Yes, I have a an oversized AC unit in my house, so what I have done is I have eliminated a 4" round vent in an interior bathroom where it remains cool anyway. Well, I really just moved it to my 4'x5'x8.5' grow area and I have run a new 6" round to the room as well. So, I have a 4" and a 6" round coming into my gro space...I have have then routed down the inside of the wall so that the cool air will enter at plant level with dampers to adjust air flow. I also have a 6" vortex exhaust fan with a (have not bought yet) carbon filter that I was going to tie my cool tube(s) into with "whatever light i get" 

Having said all this, now what light should I purchase?

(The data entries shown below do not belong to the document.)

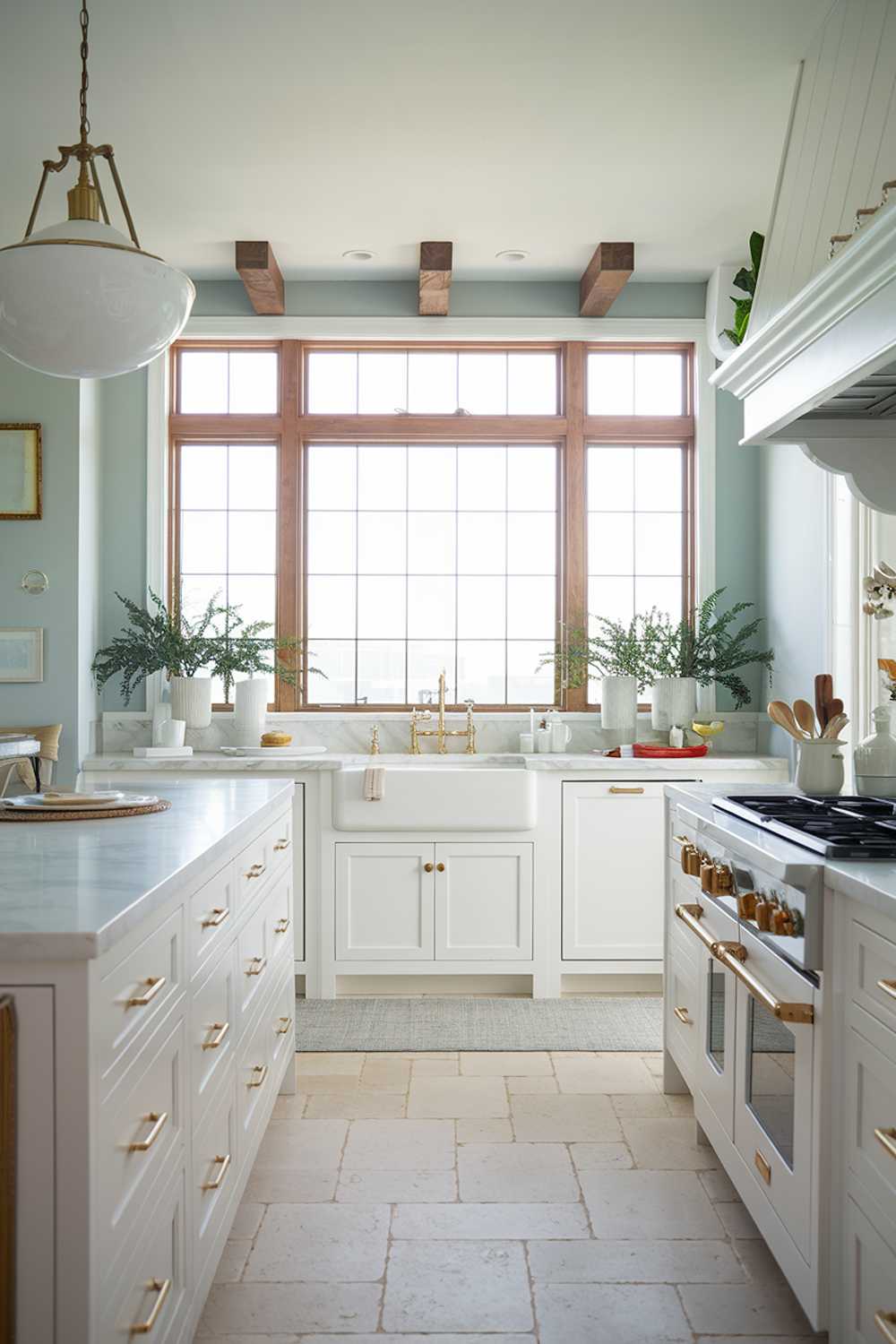 Modern coastal kitchen with gold fixtures, marble countertops, and wooden beam accents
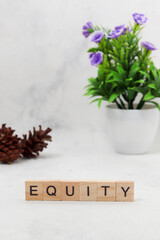Top view of Equity word on wooden cube letter block on white background. Business concept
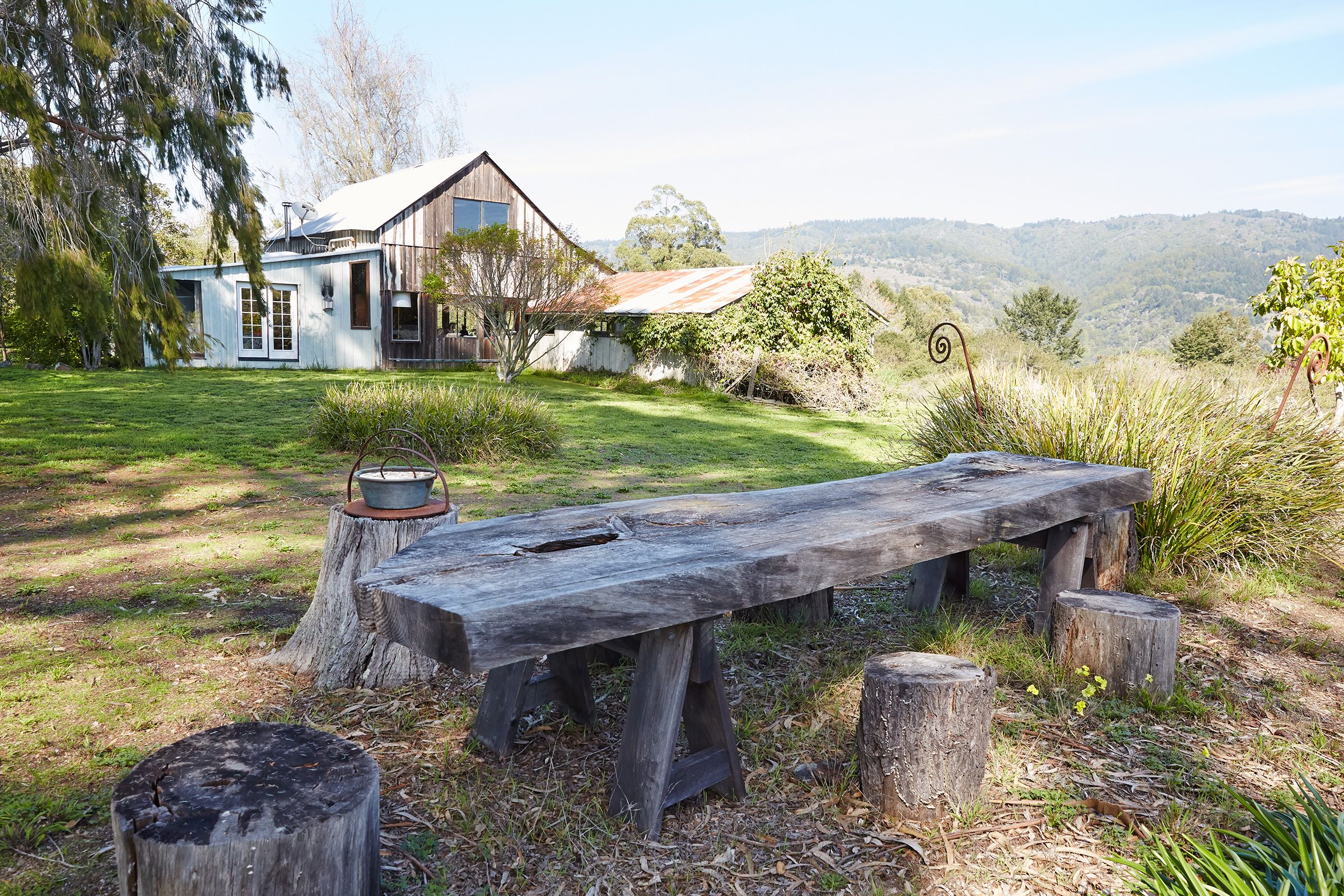 Rustic barn farmhouse in nature located in Bolinas, California with an old wooden table and stumps for seating in the foreground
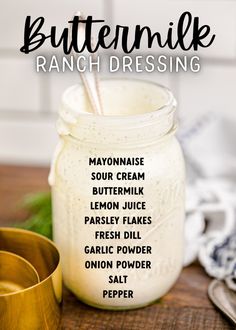 a mason jar filled with buttermik ranch dressing on top of a wooden table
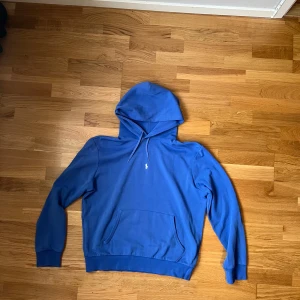 Blå hoodie från Polo Ralph Lauren, Skicka offer/Send offer - Snygg blå hoodie från Polo Ralph Lauren med klassisk huva och snörning. Tröjan har en liten vit logga på bröstet och en stor magficka framtill. Tillverkad i mjuk bomull, perfekt för chill dagar. Långärmad och med ribbade muddar för extra komfort.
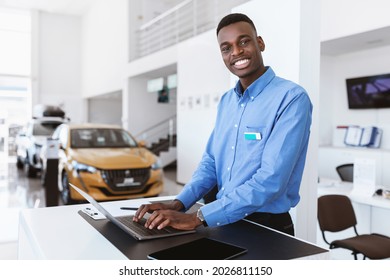 Cheerful Black Car Salesman Posing At Work Desk, Smiling At Camera, Typing On Laptop In Auto Dealership. Happy African American Automobile Manager In Showroom Store, Copy Space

I will be using Stoney Bud's 4 unit hydro plan as well...

Thanks everyone!!!


----------



## Viracocha711 (Mar 25, 2007)

I was leaning real hard towards the the EconoCool 600W Hortilix HPS 120V Electronic Remote Grow Light...Here is the link:
 http://www.plantlightinghydroponics.com/product_info.php?products_id=1838{19}76{13}44{14}45

...However, I am wide open to suggestions from the you experts out there.


----------



## Mr.Wakenbake (Mar 25, 2007)

sounds like a winner to me .. any electronic ballasted 600 is going to run cool as crushed ice man..compared to magnetic ballasts

also try wormsway.com, insidesun.com, and HighTechGardenSupply.com


----------



## Viracocha711 (Mar 26, 2007)

Yeah, it appears plantlightinghydroponics.com is the cheapest place to get most of what I need...I do not know why but they have awesome prices for good name brand stuff...I

Does anyone have lights and ballast from insidesun.com, because they have awesome prices but I wonder if the stuff is worth the discount?

Do not know why, nut wormsway.com is insanely over priced?


----------